Are there any foods you associate more with their texture than their taste? For me, anything gelatinous, chicken feet dim sum, crème brûlée and Fig Newtons come to mind. I haven’t had a Nabisco Fig Newton in a long time, but I distinctly remember my favorite way to eat them growing up: pressing an entire cookie to the roof of my mouth with my tongue and letting it dissolve into sugary nothingness. I always thought that the cookies, what with ‘fig’ in their name and all, were a more nutritionally virtuous choice than, say, Oreos.
At a recent meeting, our company’s Registered Dietitian used a nutritional index to show us how common foods – both processed and whole – measured up. Imagine my surprise and disappointment when Fig Newtons received practically the same nutritional score as that classic harbinger of highly-processed and additive-laden chocolate and ‘creme’, Oreos! As figs are naturally high in sugar, the addition of high-fructose corn syrup doesn’t help Newtons’ lackluster nutritional profile. Plus, bleached all-purpose flour is generally a nutritional no-no. Add to these dings an overly-long list of mysterious ingredients, and you might as well just have an Oreo. Buy maybe not a Double Stuf.

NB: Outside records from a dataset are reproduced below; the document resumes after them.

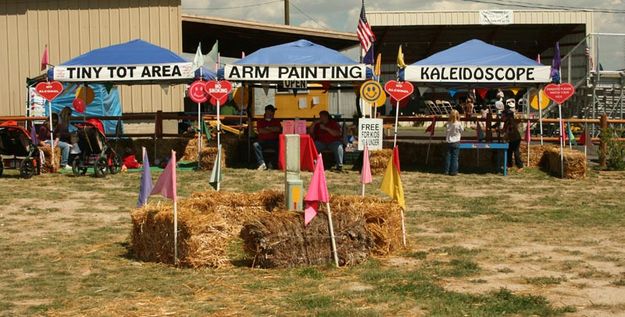 Tiny Tot area. Photo by Dawn Ballou, Pinedale Online.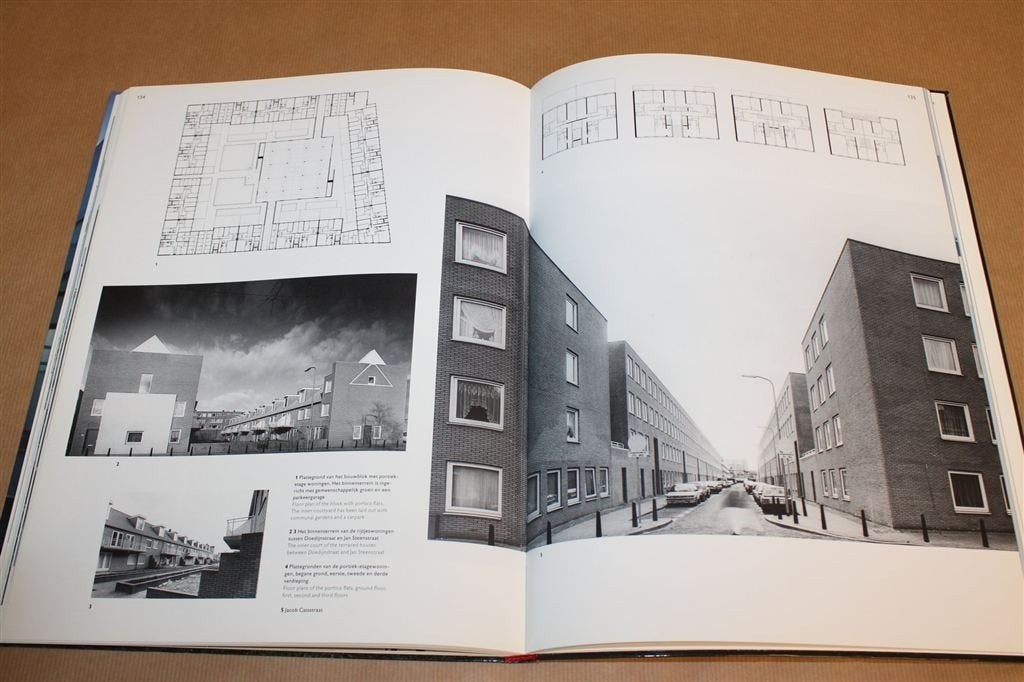 Architectuur in Nederland — Jaarboek 1993-1994, Boeken, Ophalen of Verzenden, Zo goed als nieuw, Architecten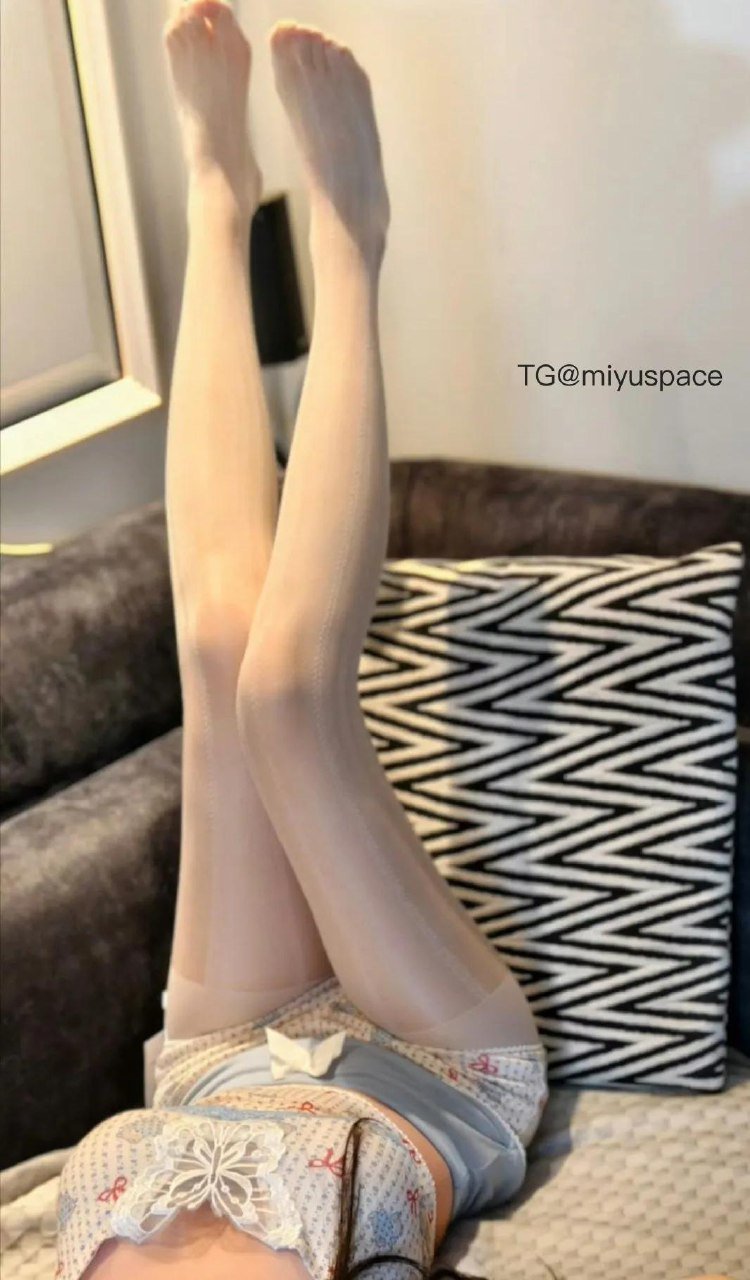 一颗菜 2025-10-08 21:15:33 穿了新到的睡衣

Naturally, all this talk about Fig Newtons made me want to eat one. While I sometimes indulge in Downtown Bakery’s oversized Fig Newtons at the Ferry Plaza Farmers Market, I realistically wasn't going to wait until Saturday and had heard through the office grapevine that our resident pastry expert was a Newton aficionado. A few conversations and days later, I set to work on my own version. These Newtons are more involved than your standard one-bowl drop cookies, but their flavor and texture are infinitely more complex. Also, as you can tell from the photo they’re substantially thicker than Nabisco’s Newtons. It’s a feat of trans fats and modern machinery that Nabisco manages to flatten the dough so thin without breaking. When homemade, the Newtons are inherently more rustic, charming and delicious. Just don’t try to flatten an entire one against the roof of your mouth!
Adapted from Baking with Jim Dodge
¼ lb dried strawberries, halved
¼ lb dried Black Mission figs, stemmed and quartered
2 tbsp boiling water
1 tbsp unsweetened cocoa powder
1 tsp ground cinnamon
¼ cup honey
Zest of ½ lemon
Zest of ½ orange
In a small bowl, pour boiling water over dried strawberries and figs and allow to soak overnight or for at least 4 hours.
Combine all ingredients in food processor and pulse to combine. Scrape sides of bowl and continue to process until mixture is smooth and paste-like.
Cover and set aside until needed. You can make the filling ahead of time and refrigerate for up to a few days.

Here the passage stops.